In summary, this study proposes to conduct research on the relationship between diversity in interdisciplinary collaboration and societal impact. To address this question, we measured the level of interdisciplinary collaboration diversity using the disciplinary attributes of authors of publications (details in “Methods”) and reflected the societal impact of the co-authored papers through altmetrics.

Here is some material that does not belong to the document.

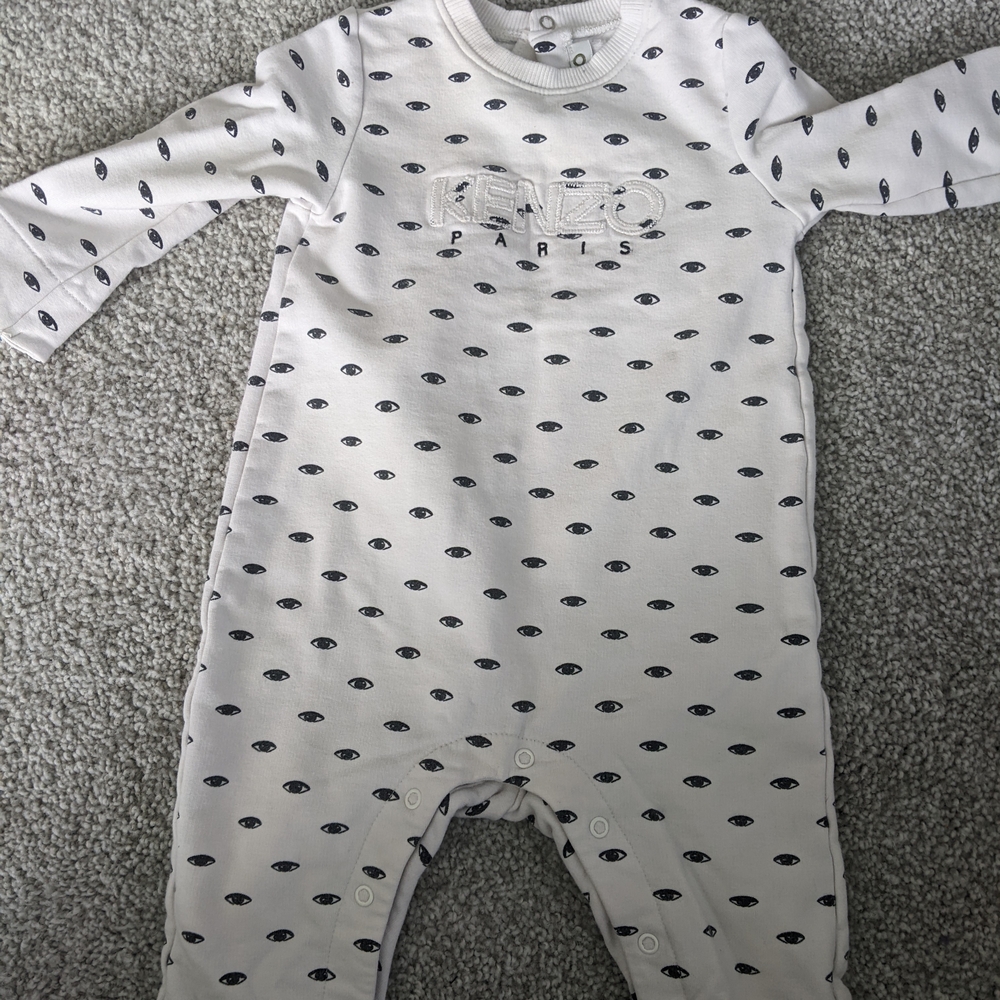 Kenzo White and Black Geometric Footies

The relationship between interdisciplinary collaboration diversity and societal impact
Understanding the essence of the relationship between knowledge diversity in interdisciplinary collaboration and societal impact involves investigating the impact of collaboration diversity on research performance32. Most studies suggest that collaboration diversity has a positive effect on research output, which encourages research institutions to actively engage in diverse collaborations and researchers to seek new partners5,11,33,34. However, other studies have found that heterogeneity in team members” knowledge hinders creativity and reduces performance9,35. These inconsistent findings may reflect the fact that this relationship is non-linear.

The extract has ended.